Le troisième et dernier acte parle de l'après-guerre, les derniers survivants humains devenant peut-être martiens...ou serait-ce l'inverse?...
En Angleterre, la collection de nouvelles, inventives mais aussi souvent drôles, est publiée sous le titre de The Silver Locust avec quelques modifications. L'histoire The Fire Balloons étant ajoutée et l'histoire Usher II y cédant sa place. La version espagnole est précédée d'un prologue du grand écrivain argentin Jorge Luis Borges.
En 1979, Bantam Books publie une version qui est aussi illustrée par moments.
En 1997, on ajoute des dates pour chaque histoire, présentant l'action se déroulant entre 2030 et 2057. (donc dans 10 ans!!!).
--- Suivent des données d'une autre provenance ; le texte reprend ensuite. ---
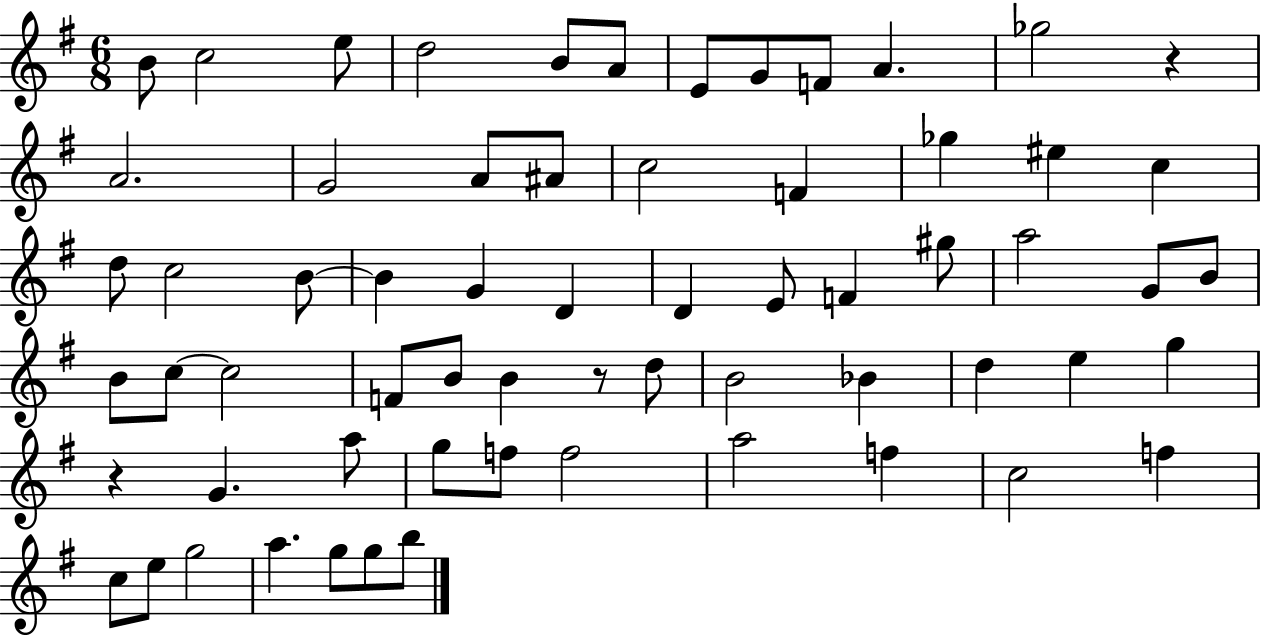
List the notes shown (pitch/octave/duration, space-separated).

B4/e C5/h E5/e D5/h B4/e A4/e E4/e G4/e F4/e A4/q. Gb5/h R/q A4/h. G4/h A4/e A#4/e C5/h F4/q Gb5/q EIS5/q C5/q D5/e C5/h B4/e B4/q G4/q D4/q D4/q E4/e F4/q G#5/e A5/h G4/e B4/e B4/e C5/e C5/h F4/e B4/e B4/q R/e D5/e B4/h Bb4/q D5/q E5/q G5/q R/q G4/q. A5/e G5/e F5/e F5/h A5/h F5/q C5/h F5/q C5/e E5/e G5/h A5/q. G5/e G5/e B5/e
Les écrits de Edgar Burroughs Rice ont eu une influence importante sur le jeune Bradbury. Et la trace spéculative de l'auteur y est évidente.
Ce que Bradbury imagine alors de la planète Mars, et qui est partagée d'histoires en histoires, est un décor relativement désert traversé de gigantesques canaux construits par une civilisation ancienne afin de faire circuler de l'eau vers des pics polaires glacés. Cette idée étant empruntée aux calculs de scientifiques du 19ème siècle.
L'éminent Carl Sagan dira que la planète Mars est devenue l'arène sur laquelle la race humaine projette ses peurs et ses ambitions. Un mythe. Peut-être aussi, une chimère.
Ray Bradbury épousera à 100% cette idée avec ses forts divertissantes Chroniques Martiennes. Toutes très courtes, ce qui rend la lecture fort agréable et les occasions de le faire régulières puisque certaines prennent moins de 5 minutes à lire (en attendant que madame se maquille), d'autres une quinzaine de minutes (en attendant que sa plus jeune finisse de travailler) d'autres une dizaine de minutes (en faisant ce qu'on a à faire à la salle de bain) et ainsi de suite.
Plus fantaisistes que science-fiction, malgré les années, le livre vieillit très très bien.